As for assigning a vocal type to each character, I don't faching know. I do love Game of Thrones, though, it's my favorite show!


----------



## Pugg (Aug 8, 2014)

Can't help you, never ever seen Game of Thrones.
And no, I do not live under a rock, it's on a special channel which I refuse to pay for


----------



## Diminuendo (May 5, 2015)

Game of thrones opera could never happen. Characters on the tv show just last too long. I mean if it was an opera everyone would probably be dead after season 1.


----------



## BalalaikaBoy (Sep 25, 2014)

Diminuendo said:


> Game of thrones opera could never happen. Characters on the tv show just last too long.


then we could do several, just like The Ring Cyclce



> I mean if it was an opera everyone would probably be dead after season 1.
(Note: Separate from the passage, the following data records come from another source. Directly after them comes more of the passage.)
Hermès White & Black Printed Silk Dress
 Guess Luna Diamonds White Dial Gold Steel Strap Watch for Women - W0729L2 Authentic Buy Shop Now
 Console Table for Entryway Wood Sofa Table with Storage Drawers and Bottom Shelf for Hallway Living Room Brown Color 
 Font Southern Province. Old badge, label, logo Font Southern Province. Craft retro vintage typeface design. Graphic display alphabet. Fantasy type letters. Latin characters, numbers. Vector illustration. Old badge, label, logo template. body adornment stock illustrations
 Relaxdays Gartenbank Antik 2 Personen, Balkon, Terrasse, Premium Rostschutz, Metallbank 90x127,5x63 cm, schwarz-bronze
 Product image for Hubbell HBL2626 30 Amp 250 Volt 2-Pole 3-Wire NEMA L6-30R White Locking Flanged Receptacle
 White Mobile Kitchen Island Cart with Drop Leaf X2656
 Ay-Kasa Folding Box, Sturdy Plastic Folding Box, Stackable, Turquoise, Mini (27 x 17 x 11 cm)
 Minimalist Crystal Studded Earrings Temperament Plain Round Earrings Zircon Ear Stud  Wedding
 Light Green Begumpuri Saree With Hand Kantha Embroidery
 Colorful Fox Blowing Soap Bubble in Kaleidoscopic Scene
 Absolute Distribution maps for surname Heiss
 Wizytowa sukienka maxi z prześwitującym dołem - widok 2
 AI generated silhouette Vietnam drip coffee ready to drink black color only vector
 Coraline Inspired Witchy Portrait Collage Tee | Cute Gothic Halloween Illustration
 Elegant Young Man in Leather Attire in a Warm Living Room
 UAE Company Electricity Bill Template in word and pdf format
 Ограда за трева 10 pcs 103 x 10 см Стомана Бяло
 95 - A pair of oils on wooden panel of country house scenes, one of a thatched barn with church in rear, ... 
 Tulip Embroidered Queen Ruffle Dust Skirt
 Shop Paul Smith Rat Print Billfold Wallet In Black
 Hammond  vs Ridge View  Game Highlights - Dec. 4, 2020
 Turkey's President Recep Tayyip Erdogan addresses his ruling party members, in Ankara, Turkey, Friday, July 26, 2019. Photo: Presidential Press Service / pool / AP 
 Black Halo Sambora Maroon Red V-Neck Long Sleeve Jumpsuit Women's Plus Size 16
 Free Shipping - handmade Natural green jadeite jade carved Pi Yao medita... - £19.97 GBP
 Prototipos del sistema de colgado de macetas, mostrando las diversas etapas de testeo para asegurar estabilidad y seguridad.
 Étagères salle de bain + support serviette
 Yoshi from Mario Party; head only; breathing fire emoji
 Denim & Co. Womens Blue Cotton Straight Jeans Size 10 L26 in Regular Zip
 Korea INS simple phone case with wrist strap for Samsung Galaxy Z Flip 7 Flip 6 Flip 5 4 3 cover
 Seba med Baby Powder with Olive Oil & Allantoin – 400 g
there are plenty of deaths in every season. that's one of the reasons it would work well for opera :lol:


----------



## Mahlerian (Nov 27, 2012)

Complex plots (usually) don't work very well in opera. Even if you take something like The Ring, the plot as presented on-stage for each opera is quite simple. It's only the backstory that's complicated. Complex stage action would just be confused and too rapidly moving, or otherwise presented so haphazardly as to lose the audience.


----------



## Sonata (Aug 7, 2010)

I was thinking about Game of Thrones in relation to opera just yesterday. I was listening to the love scene between Sieglinde and Siegmund. I thought to myself..."Hey a twin love scene. This could be Cersei and Jaime!"


----------



## Sonata (Aug 7, 2010)

Mahlerian said:


> Complex plots (usually) don't work very well in opera. Even if you take something like The Ring, the plot as presented on-stage for each opera is quite simple. It's only the backstory that's complicated. Complex stage action would just be confused and too rapidly moving, or otherwise presented so haphazardly as to lose the audience.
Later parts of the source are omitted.